What Time Is It? – An Overview of the Church Calendar and Liturgical Year

By |2018-08-13T15:45:00+00:00January 10th, 2017|Categories: Anglican Life|Tags: , |11 Comments
Joshua Steele

Joshua Steele

Managing Editor at Anglican Pastor
Joshua is in charge of the day-to-day operations at Anglican Pastor. He is a Transitional Deacon in the Anglican Church in North America, serving at Church of the Savior in Wheaton, IL. He is also a Ph.D. student in theology at Wheaton College.
Joshua Steele

 

This post is a part of Rookie Anglican, a blog dedicated to Making Anglicanism Accessible.

What time is it?

At first glance, it might not seem like it, but this is one of the most important questions a human being can ask!

Thankfully, there’s an Anglican answer! Or better, there is a Christian answer, which the Anglican tradition helps proclaim!

Keeping Sacred Time: The Liturgical Year


Whereas many world religions seek salvation as an escape from time, Christianity proclaims salvation as a redemption of time (Schmemann, For the Life of the World, 47-8).

Keeping sacred time did not begin with the Christian movement, however, for the Church calendar traces its origins to the principal feasts of Judaism:

  1. the Feast of Unleavened Bread (Passover; Deut 16:1-8),
  2. the Feast of Weeks (Pentecost; Deut 16:9-12), and
  3. the Feast of Booths (Deut 16:13-17).

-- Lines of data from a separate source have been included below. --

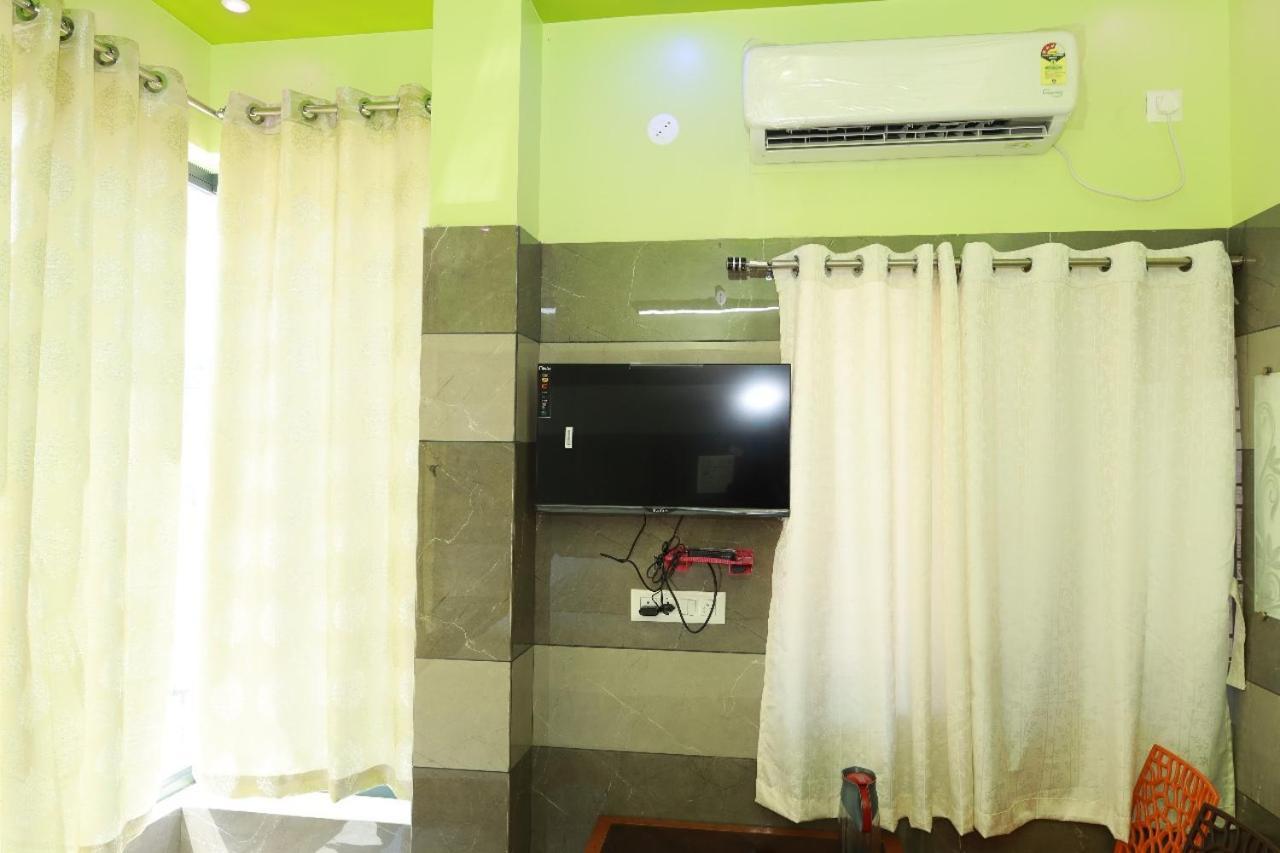 Отель Rv Residency Wodapatti Экстерьер фото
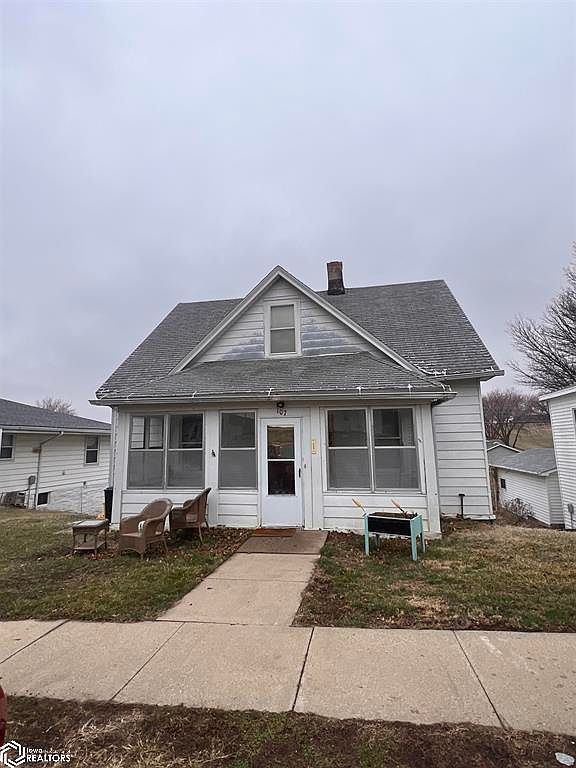 107 3rd Ave, Earling, IA 51530 MLS 6315692 Zillow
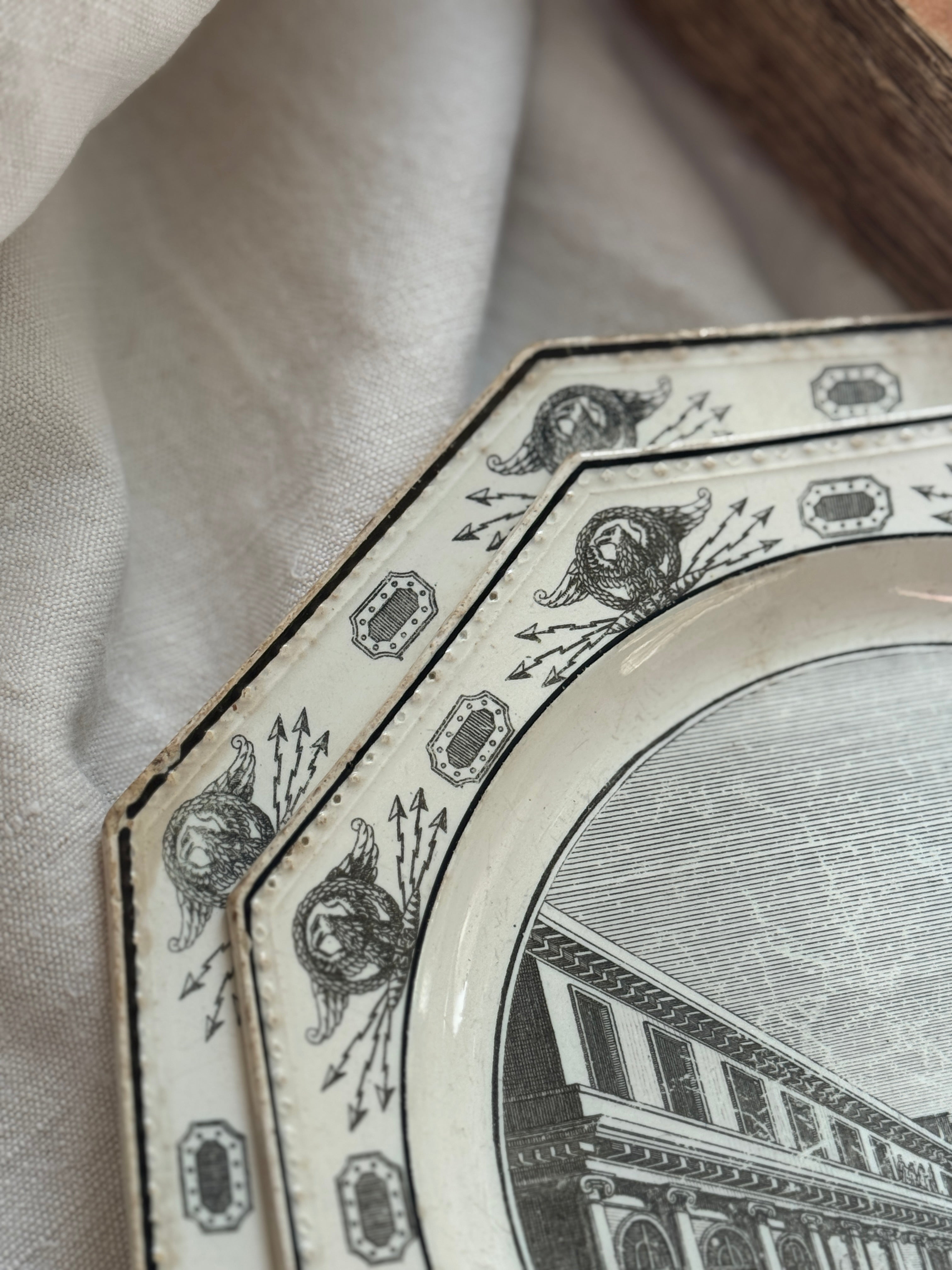 Pair of French Neoclassical Faïence Architecture Plates, Stone, Coquerel et Le Gros, Creil, circa 1810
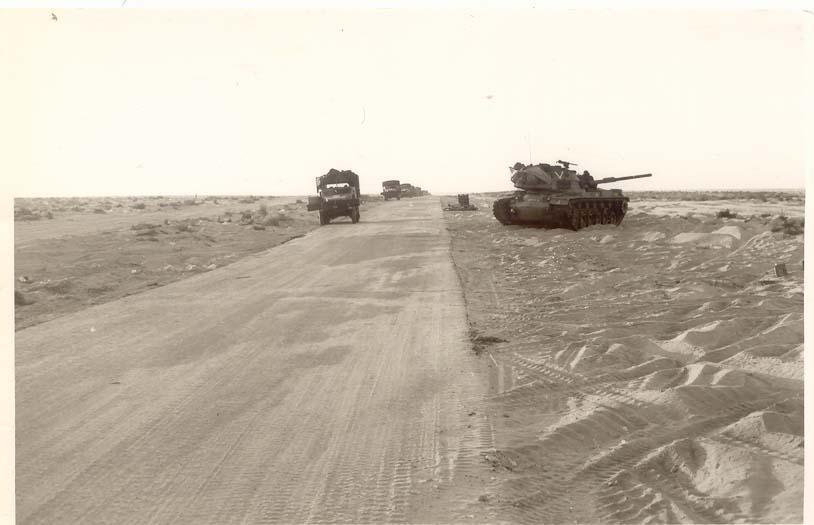 טנק מגח ממתיו לנו לתיקון בציר "חבית" )כביש איסמאליה סואץ(. האש יום הראשון להפסקת ללחימה, היום ה- 18 לאוקטובר, ה- 23 יום שלישי, שהופרה.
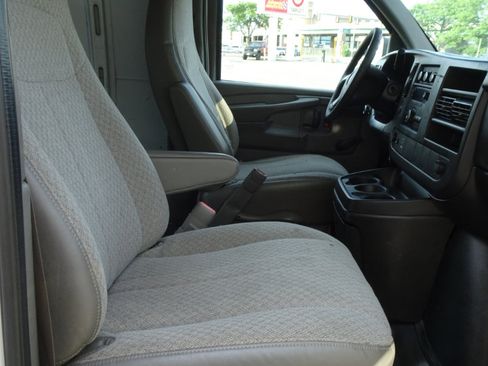 Used 2013 GMC Savana 2500 image 13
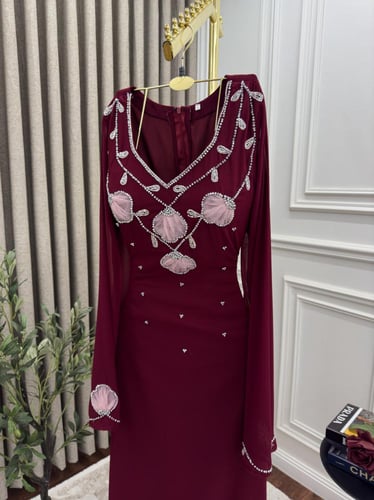 فستان ناعم تطريز يدوي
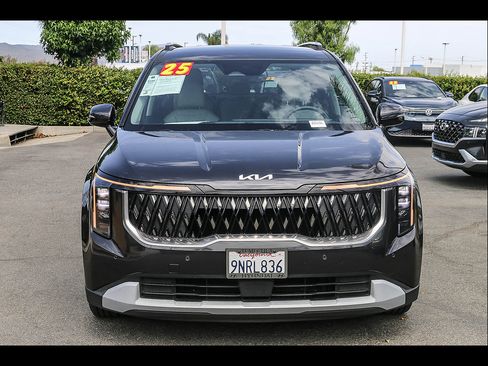 Used 2025 Kia Carnival EX FWD image 2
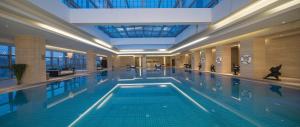 Bazén v ubytování Kangda Howard Johnson Hotel Qingdao nebo v jeho okolí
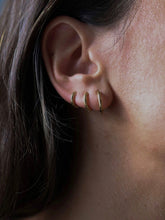 Cargar imagen en el visor de la galería, Pendientes aro 12 mm · Acero dorado 316L baño oro 18K · par 15€ unidad 8€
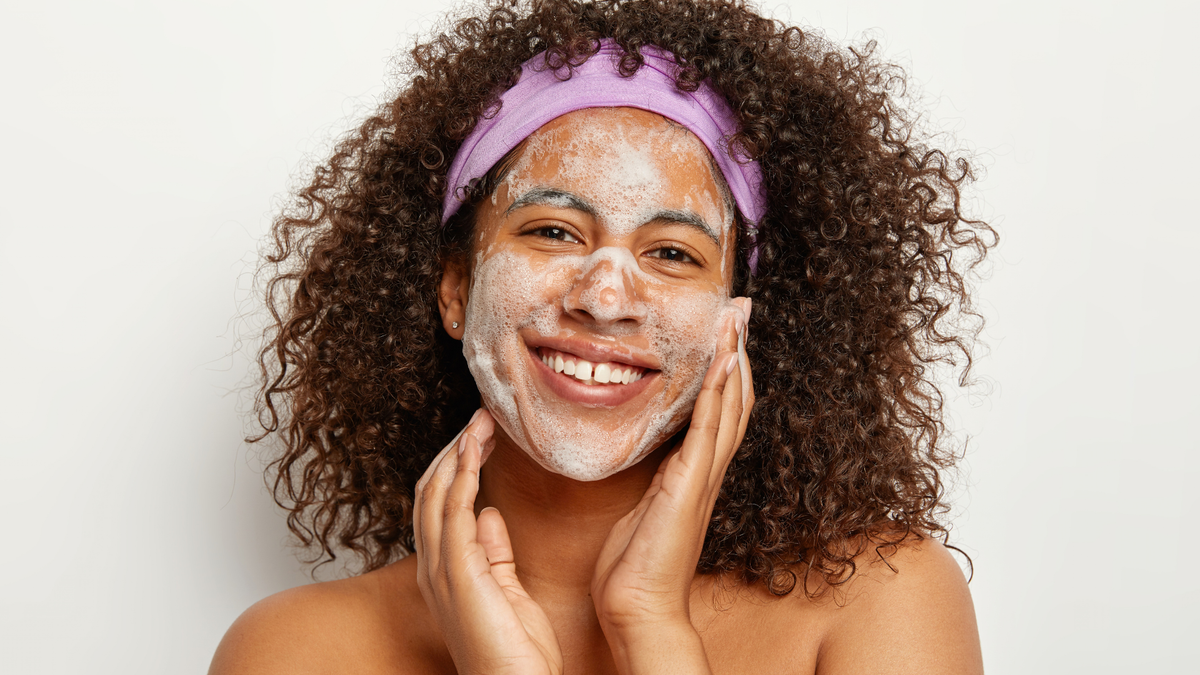 Salicylic Acid Face Wash Benefits and How to Use It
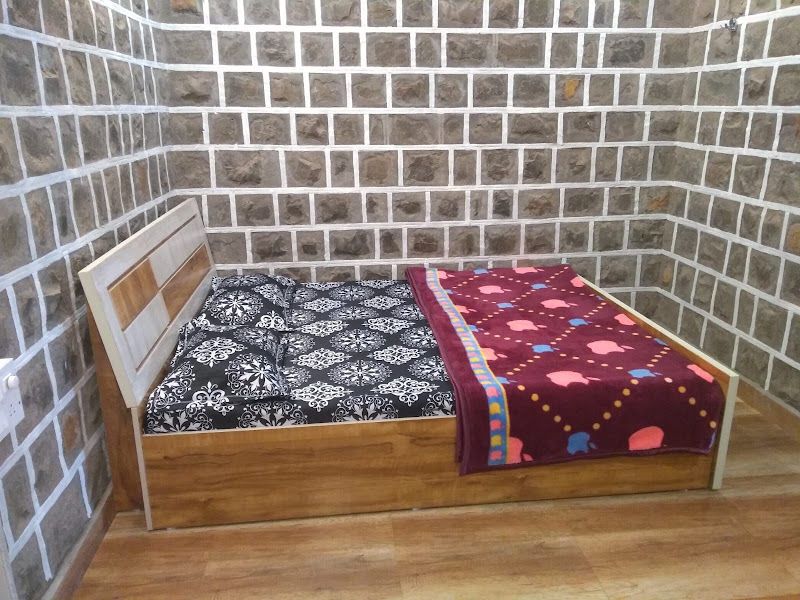 Interior — Matru-Iccha Bunglow, Mettale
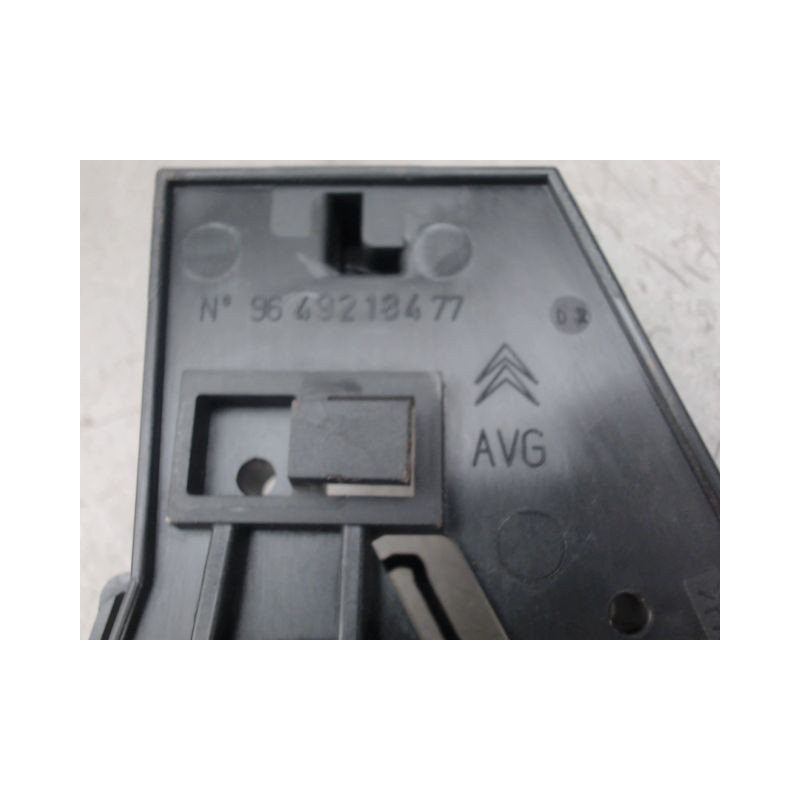 POIGNEE INTERIEURE PORTE AVANT GAUCHE CITROEN C5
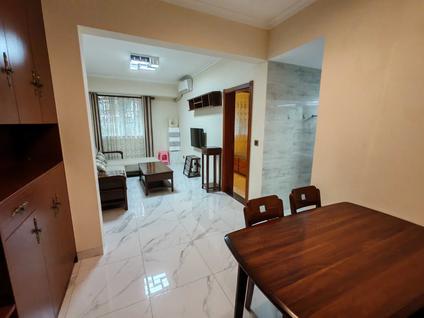 宜宾寅吾伊顿公馆1室1厅53.5平低楼层/共14层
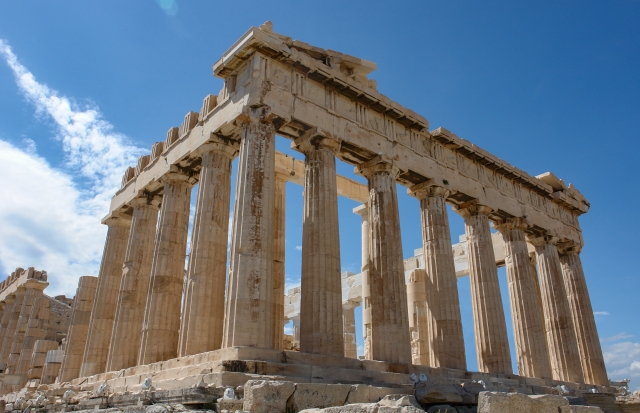 アテネの中心部アクロポリスに残るパルテノン神殿。アテネの守護神女神アテナを祀る神殿で、ペルシア戦争の勝利後、ペリクレスの命により整えられた。ドーリア式建築の列柱や彫刻などギリシア文化の宝庫ともいえる遺産。
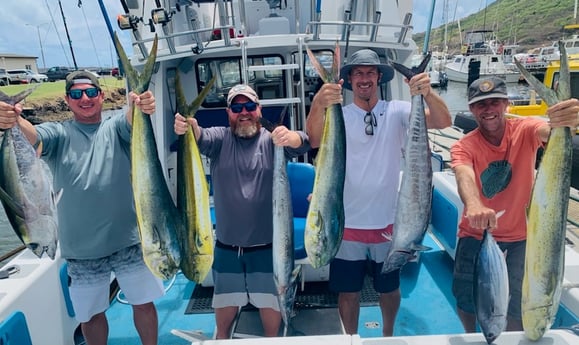 Mahi Mahi / Dorado, Skipjack Tuna, Wahoo, Yellowfin Tuna fishing in Kapa&#039;a, Hawaii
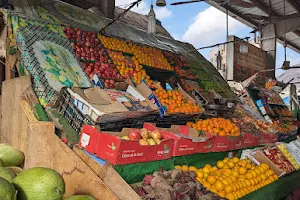 Al-Amoudi central fish and vegetables market image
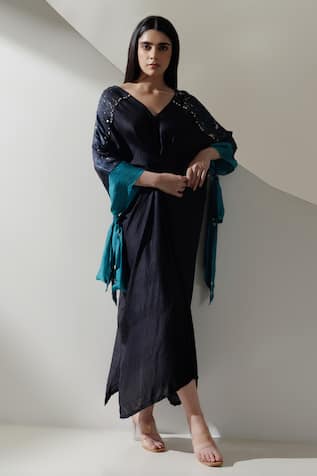 Kavya Singh Kundu Sitara Handwoven Mulberry Silk Kaftan 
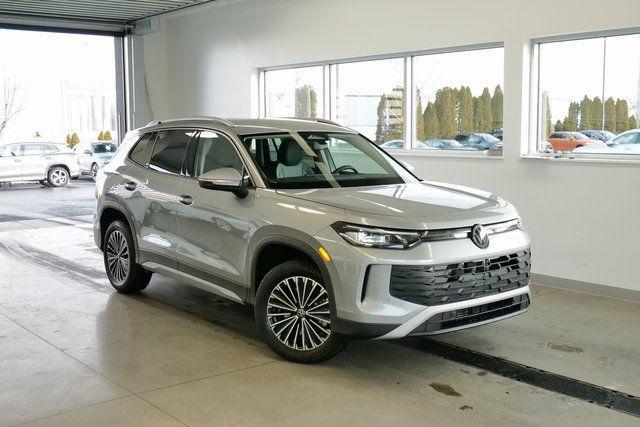 new 2026 Volkswagen Tiguan car, priced at $33,248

In order to commemorate God’s redemptive acts and continual blessings, these three feast days required special worship at the temple in Jerusalem. According to Christians, however, the redemptive acts of God commemorated in Judaism find their fulfillment in God’s invasion of and triumph over time through Jesus Christ.

Much like the gospel the Church proclaims, the calendar the Church keeps revolves around these two divine movements:

  1. the invasion of the Incarnation, and
  2. the triumph of the Resurrection.

The former is remembered through the Christmas cycle, from Advent until Lent, and the latter through the Paschal cycle, from Lent until Pentecost (Mitchell, “Sanctifying Time: The Calendar,” in The Oxford Guide to the Book of Common Prayer476-7).

The Incarnation: from Advent until Lent


Advent

The Church year begins with Advent, a season which encompasses four weeks of preparation – first to await Christ’s second advent to judge the living and the dead (2 Pet 3:11-14; 1 John 3:2-3), but also to celebrate his first advent at the Incarnation.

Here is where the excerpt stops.